Thank you very much 

This works with mkisofs for windows bios and efi

Code: [Select]

mkisofs.exe -iso-level 4 -force-uppercase -volid "SIW2" -b BOOT/ETFSBOOT.COM -no-emul-boot -boot-load-size 8 -eltorito-alt-boot -b BOOT/EFISYS.BIN -no-emul-boot -boot-load-size 8 -hide boot.catalog -duplicates-once -o "%TP%\%WIMOS%PE%TAG%.iso" "%TP%\ISO"
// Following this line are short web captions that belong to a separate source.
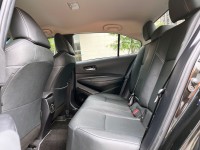 Toyota  Altis 《TSS自動駕駛》2020 Toyota Corolla Altis 1.8豪華 一手車 全車如新 原廠保養 豐田 神車 | 新北市汽車商業同業公會｜TACA優良車商聯盟｜中古、二手車買車賣車公會認證保固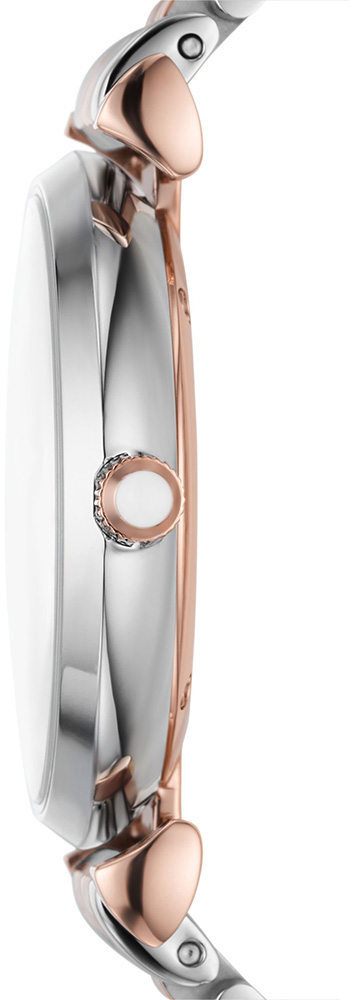 Emporio Armani AR11537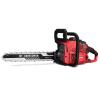 CRAFTSMAN S1800 42-cc 2-cycle 18-in Gas Chainsaw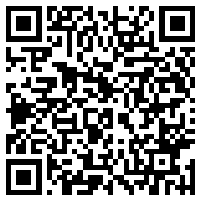 QR Code for bitcoin:bitcoin:bitcoin:bitcoin:bitcoin:dash:XxCTa6deJEuUkJ65yYHGHG3EWdnW7gAtR3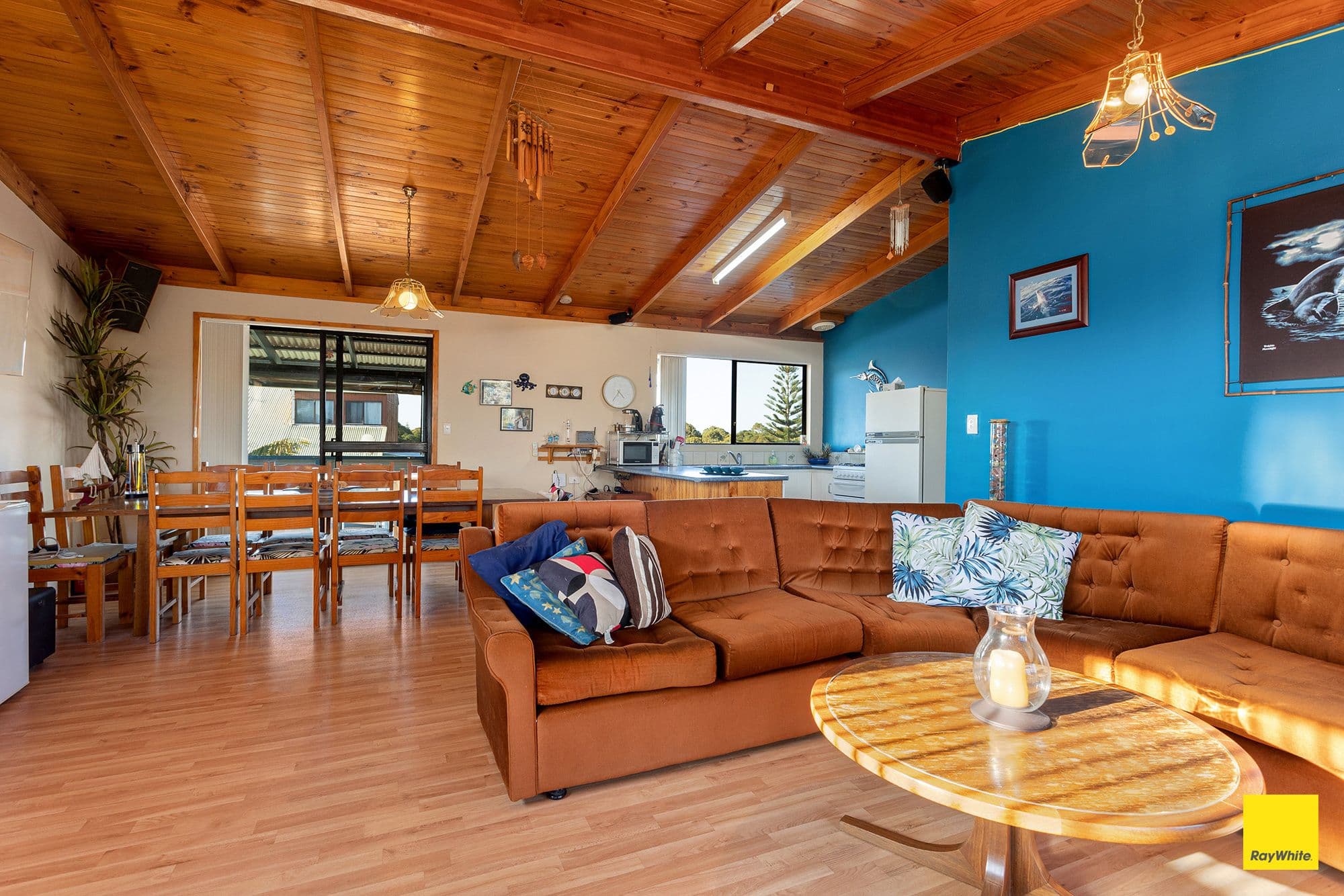 5 Wedge Street, Ledge Point WA 6043, Ledge Point - Thumbnail 2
So I expect this will be fine for grub4dos and efi

Code: [Select]

mkisofs.exe -iso-level 4 -force-uppercase -volid "SIW2"  -b "BOOT/GRLDR" -no-emul-boot -boot-load-size 4 -hide boot.catalog -duplicates-once -eltorito-alt-boot -b BOOT/EFISYS.BIN -no-emul-boot -boot-load-size 8 -hide boot.catalog -duplicates-once -o "%TP%\%WIMOS%PE%TAG%.iso" "%TP%\ISO"

Hi SIW2
I have not tried yet mkisofs with -eltorito-alt-boot switch for the dual boot.
It seemed to me easier to use oscdimg which has much less parameters.
I saw that on the latest versions of mkisofs there is also the switch "-eltorito-platform efi".
As soon as I have some time, I'll try to test.
Thanks

Which new version do you mean?

Apparently:


 

    -eltorito-alt-boot
          Start with a new set of "El  Torito"  boot  parameters.
          This  allows  to have more than one El Torito boot on a
          CD.  A maximum of 63 El Torito boot entries may be  put
          on a single CD

I don't think this page is very recent, but if it is still the case, it could be very useful

http://cdrecord.berlios.de/private/man/mkisofs-2.0.html

I currently use mkisofs 2.01-bootcd.ru (i686-pc-mingw32) here http://fy.chalmers.se/~appro/linux/DVD+RW/tools/win32/
No need of Cygwin, It is lighter but it has not the latest developments which may be useful for UEFI.